Tofu is an extremely versatile and underrated ingredient. Twice Garlic marinated Tofu was the basis for this and another concept. In-between marinating sessions, the Tofu was Grilled.
Linguine is and always will be my favorite noodle. Nothing beats Linguine cooked al dente to be finished cooking with its starches in a sauce. Here, I used Earth Balance ‘butter’, Garlic & Onion Powder, Sea Salt, Pepper, Crushed Red Peppers, Parsley and Ⓥ ‘parmesan cheese’.
I saw a video online this morning on how to make a Taco Bell Crunchwrap. Craving Pasta constantly, I adapted an idea to make something absolutely edible. Pasta plated to be consumed with hands and a fork.
Quick and easy Garlic Daiya Bread was prepared using Bread, Earth Balance ‘butter, Ⓥ ‘parmesan cheese’, Garlic Powder, Sea Salt, Parsley and Daiya.
On a Tortilla Daiya was double-stacked to be smothered with Ⓥ Linguine nice and neatly. Daiya side down Garlic Daiya Bread was put on top of the Ⓥ Linguine pile. The Tortilla was folded over the Bread and pan-fried on both sides.

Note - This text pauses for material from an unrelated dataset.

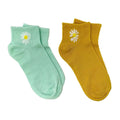 Set of 2 Boat Cut Ankle Socks with Daisy Accent - Turquoise and Fall Rust - Sticky add to cart bar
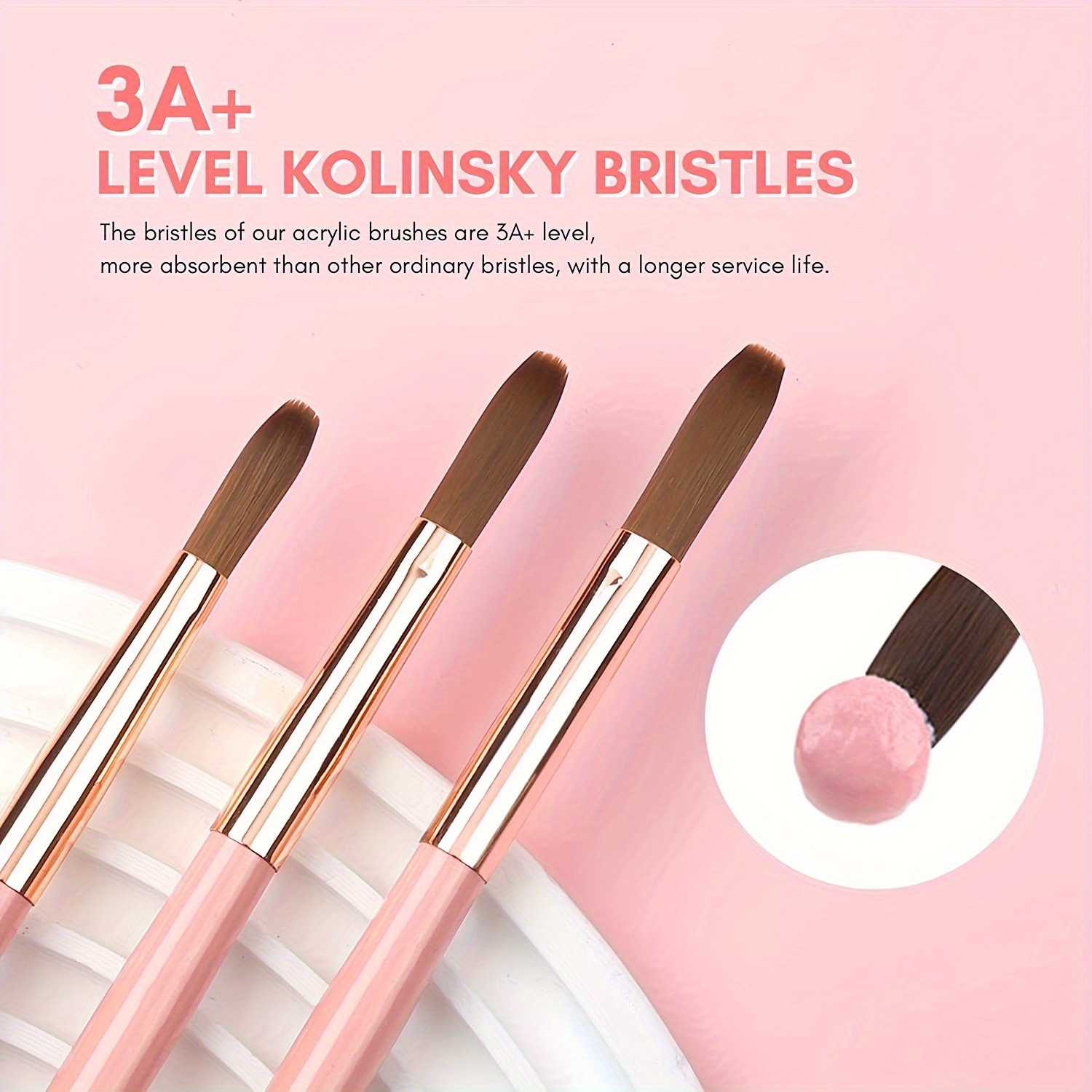 3pcs Kolinsky Acrylic Nail Bru - Chisel Set Wood บทวิจารณ์และราคา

This was fun, quick, extremely easy and ever rewarding. Cheers!
These Potato Medallions were prepared to seriously be the dish with a side of a sandwich. These Potatoes were sliced, boiled, roasted and panfried before adding a single ingredient. The ingredients added were: slight Oil, Sea Salt, Pepper, Garlic Powder, Onion Powder, Dill Weed, Sesame Seeds, Riced Cauliflower, Balsamic Vinegar, Sriracha and Maple Syrup. Garnished with Pea Tendril, the sandwich complimented the Potatoes with ingredients such as: Meatless Brat, Dough, Pea Tendrils, Daiya and Smart ‘bacon’.
In the past few months, I have fallen in love with Ⓥegan ‘brats’. Tofurky and Field Roast are just damn amazing!
In this concept, I utilized Field Roast Mexican Chipotle ‘brats’. Mindful of how awesome Chipotle is with its smoky pleasant heat, I wanted to give something already great, a flair. Choosing to infuse the Mexican-style ‘brat’ with Italian-style finesse, was just damn badass.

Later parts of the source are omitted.